In Powerful Show of Support, Bipartisan Members of Congress, Diverse Organizations Urge Appropriators to Reject President’s Proposal to End Afterschool Funding
WASHINGTON, DC — The nation’s leading afterschool advocacy organization today released a letter signed by 1,454 organizations — 139 national, and 1,315 state and local — calling on House and Senate appropriators to reject President Trump’s call to end federal funding for afterschool programs and instead fund 21st Century Community Learning Centers (21st CCLC) at or above its current level of $1.167 billion. At the same time, the organization applauded a bipartisan letter with a similar message, sent to House Appropriations Committee leaders by 81 members of Congress – double the number of members of Congress who signed a similar letter last year.
“Quality afterschool and summer learning programs are vital to communities across the nation,” said Afterschool Alliance Executive Director Jodi Grant in releasing the letter. “The idea that the federal government would abandon the students and families that rely on afterschool is unthinkable.

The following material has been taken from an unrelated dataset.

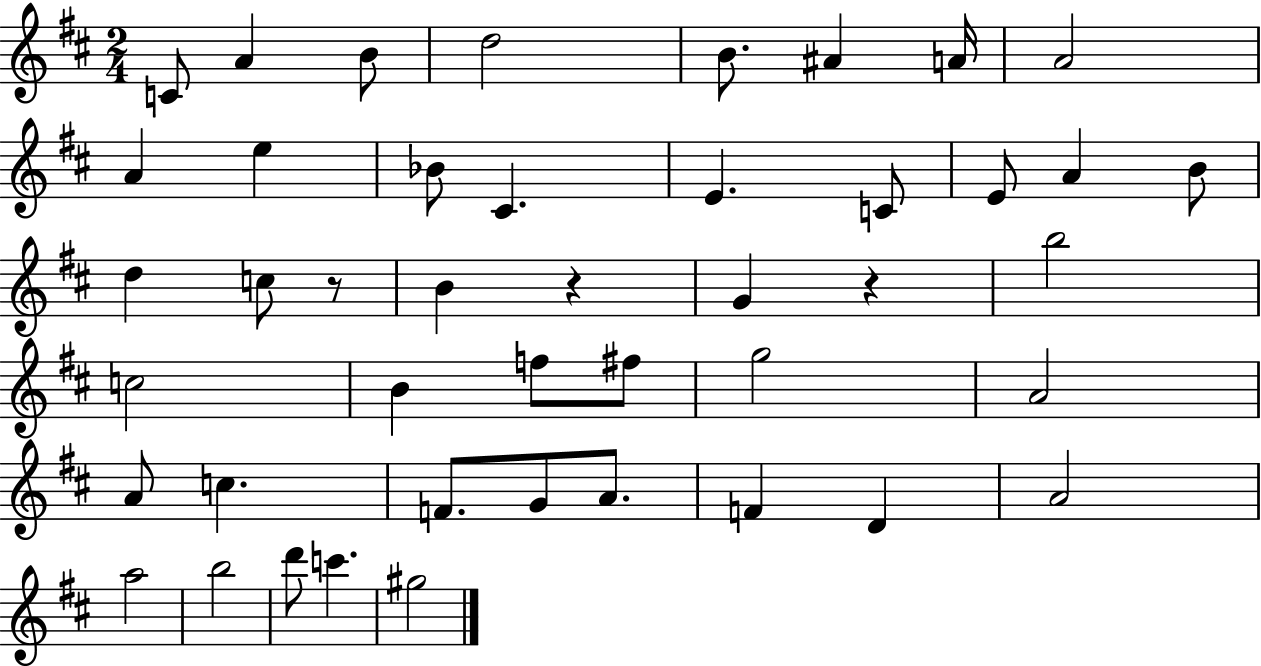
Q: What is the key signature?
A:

President Trump’s misguided proposal to eliminate 21st Century Community Learning Centers has triggered a tidal wave of opposition that’s reflected by the diverse and powerful voices that are calling on Congress to continue – or increase – federal funding for afterschool. This funding directly supports afterschool programs for 1.6 million children across the country.”
National signers of the letter include youth-serving organizations, education groups, unions and advocacy organizations focused on hunger, fitness, gender equity, health, the arts and law enforcement, among others. The list was signed by the American Federation of Teachers, American Heart Association, Boys & Girls Clubs of America, FBI National Academies, Girl Scouts of the USA, National Association of State Boards of Education, National Education Association, National League of Cities, National PTA, NETWORK Lobby for Catholic Social Justice, STEM Education Coalition, United Way Worldwide and YMCA of the USA. The list of state and local organizational signers is similarly broad, with signers from all 50 states and the District of Columbia. The letter is addressed to the chairs and ranking members of key appropriations subcommittees in the House and Senate.

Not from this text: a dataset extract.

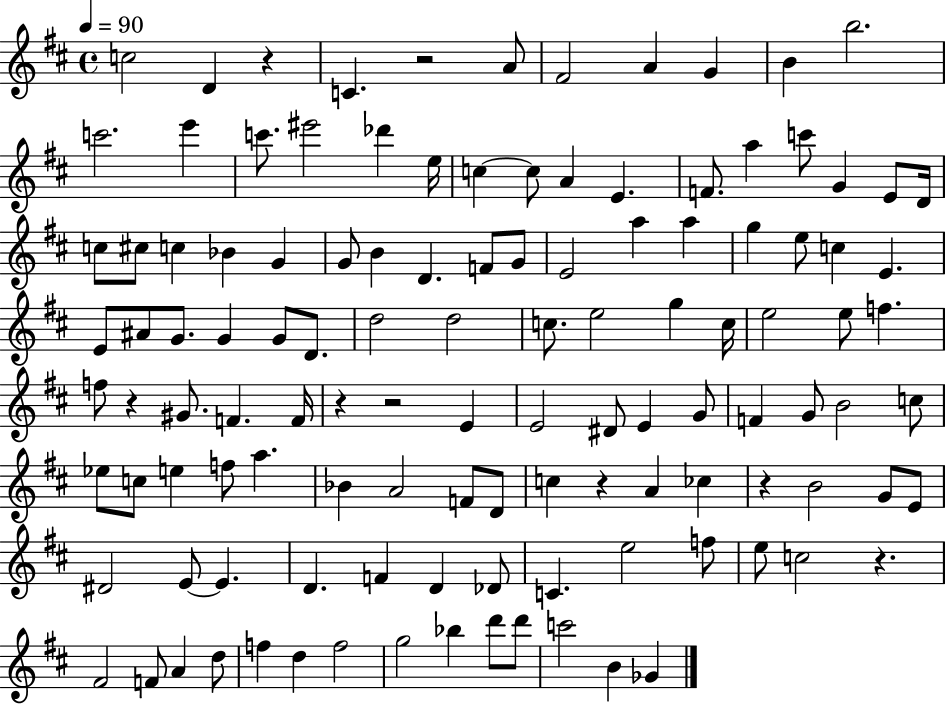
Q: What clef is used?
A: treble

“In every state and almost every Congressional district,” the organizations write, “21st Century Community Learning Center funding supports afterschool and summer learning programs that offer locally based school and community solutions that keep children and teenagers safe, inspire young people to learn and support working families.” The organizations call on appropriators “to provide at least $1.167 billion” for 21st CCLC. The letter was organized by the Afterschool Alliance.

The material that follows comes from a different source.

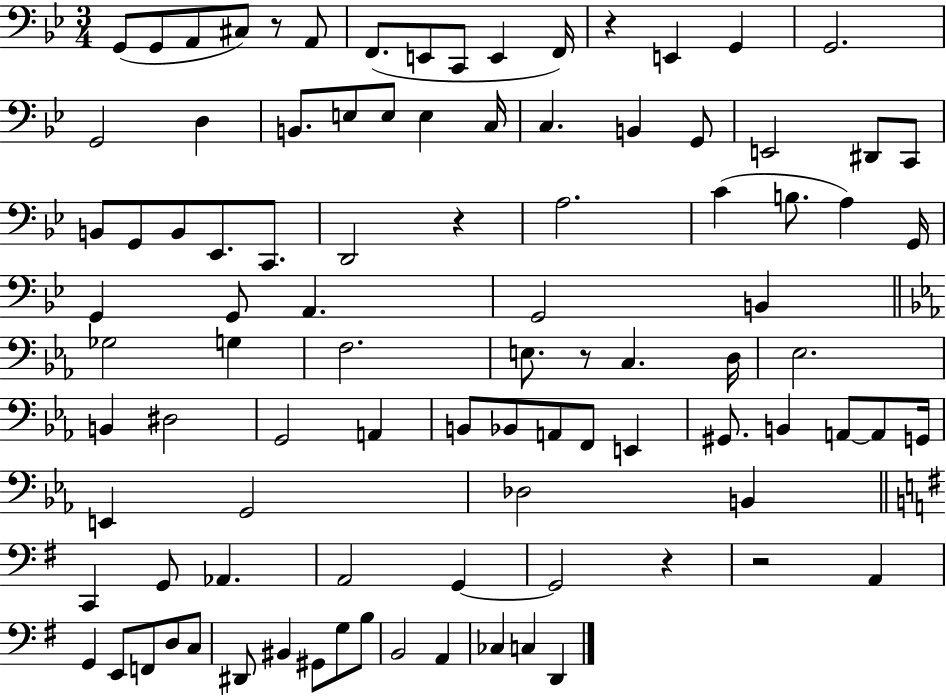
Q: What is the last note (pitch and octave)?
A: D2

The Afterschool Alliance also applauded a “Dear Colleague” letter to Reps. Tom Cole (R-OK) and Rosa DeLauro (D-CT) that was signed by 81 Members of Congress. It calls for “funding of no less than $1.167 billion” for 21st CCLC. Organized by Reps. Lou Barletta (R-PA) and David Cicilline (D-RI), the letter notes that a meta-analysis of 75 studies by the Collaborative for Academic, Social and Emotional Learning concludes that afterschool students showed improved behavior and performed better academically than students who did not participate in afterschool. It says, “More and more working families rely on 21st CCLCs each year to ensure their children are in a safe environment during non-school hours, allowing them to excel in their jobs.”
“It’s clear from these two letters that policymakers, educators, parents and a wide variety of organizations, including those focused on health, law enforcement, science education, arts and more, recognize the tremendous value afterschool programs provide,” said Grant. “The President’s proposal to eliminate 21st CCLC doesn’t have any more traction around the country than it does here in Washington. It is up to Congress to make sure the federal budget reflects this clearly expressed demand for continued, even increased, federal support for afterschool.”